Humble Robotics emerged publicly on April 21 with its flagship vehicle, the Humble Hauler, a driverless Class 8 freight truck built specifically for moving containers between docks. The $24 million seed round was led by Eclipse, with Energy Impact Partners and RedBlue Capital also participating.

What the Humble Hauler actually is

The Humble Hauler has no cab at all. No steering wheel, no driver’s seat, no windshield wipers. It’s a purpose-built machine designed from scratch for a single job: hauling freight containers from one dock to another.

The specs are practical rather than flashy. A top speed of 55 mph and a maximum range of 200 miles. Zero emissions. The truck uses what the company describes as a vision-language-action AI model paired with 360-degree sensor coverage, which combines computer vision with language-based reasoning to navigate real-world driving scenarios.

The first prototype was completed in under six months.

The team and the market they’re targeting

CEO Eyal Cohen previously worked at Apple, Uber, and Waabi. The founding team includes veterans from Tesla, Waymo, and Cruise.

The US truck freight market sits at roughly $906 billion, and the industry has been struggling with a chronic driver shortage for years. The American Trucking Associations has consistently flagged this as a structural problem, not a cyclical one. By focusing on dock-to-dock container transport rather than coast-to-coast long haul, Humble Robotics is constraining its problem set to routes that are shorter, more predictable, and operate at lower speeds.

What this means for investors

Gatik has shown viability with its middle-mile delivery routes. Aurora Innovation is still pushing toward broader highway autonomy but has had to repeatedly extend its timelines. Humble’s dock-to-dock approach sits at the more constrained end of the spectrum.

Eclipse has a track record in deep-tech infrastructure investments.

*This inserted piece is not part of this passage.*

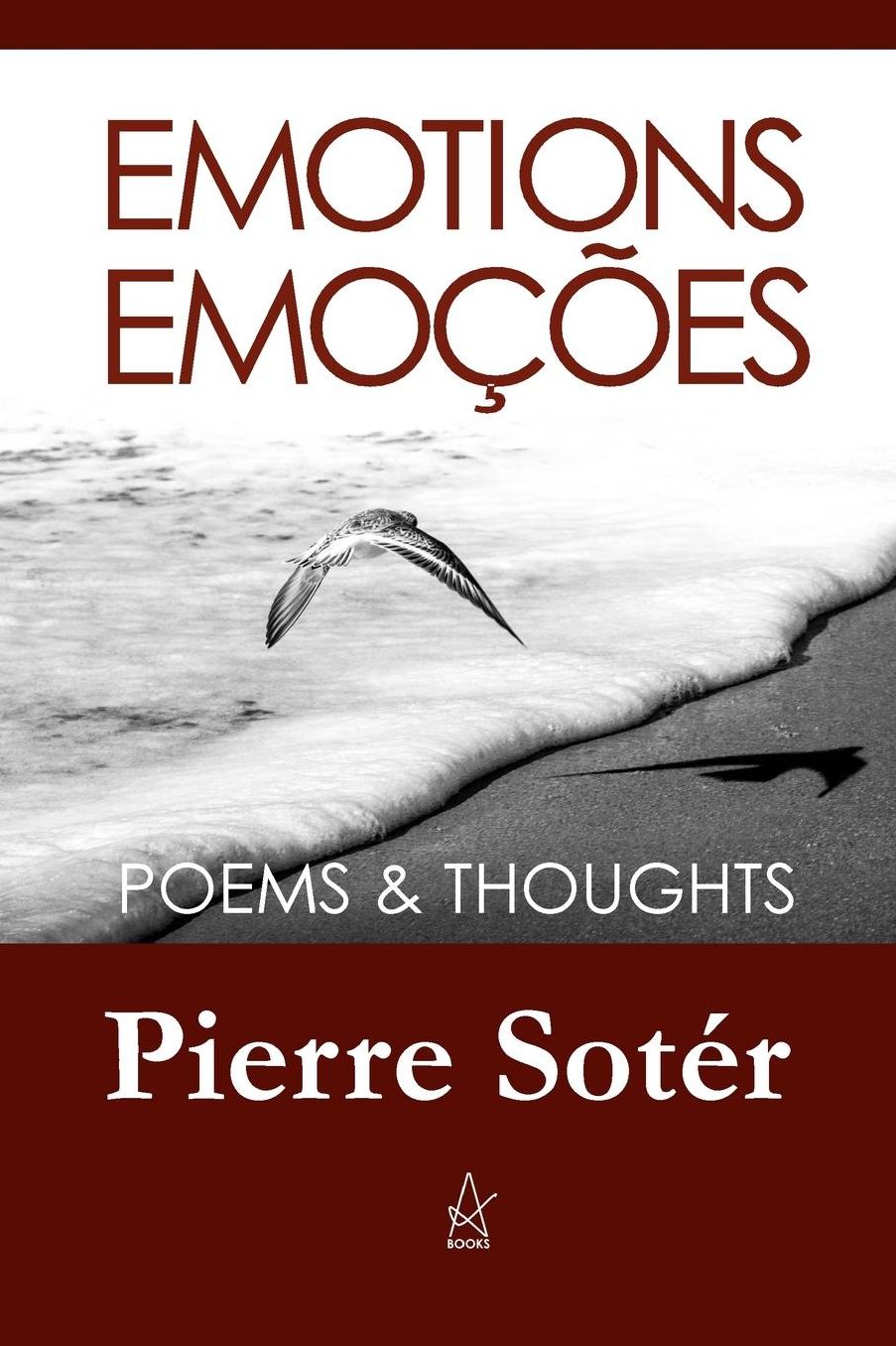 Emotions / Emoções: Poems and Thoughts
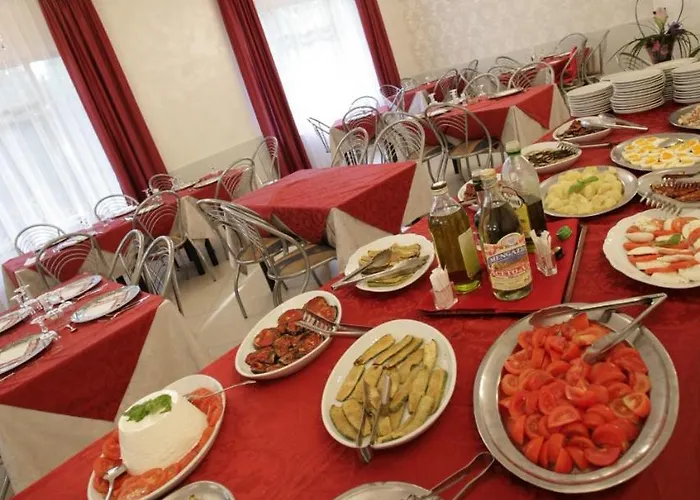 Le Lune מלון גאטאו א מארה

Energy Impact Partners focuses specifically on the energy transition, which signals that the zero-emission angle of the Humble Hauler isn’t just marketing. As ports, warehouses, and logistics hubs face increasing pressure to decarbonize, a vehicle that eliminates both the driver shortage problem and tailpipe emissions addresses two pain points simultaneously.

Humble Robotics is pre-revenue, pre-pilot, and working with a single prototype. Regulatory approval for cabless vehicles on public roads remains a state-by-state patchwork. California, where Humble plans to test, requires permits and regular reporting of disengagements under the California DMV’s autonomous vehicle testing framework.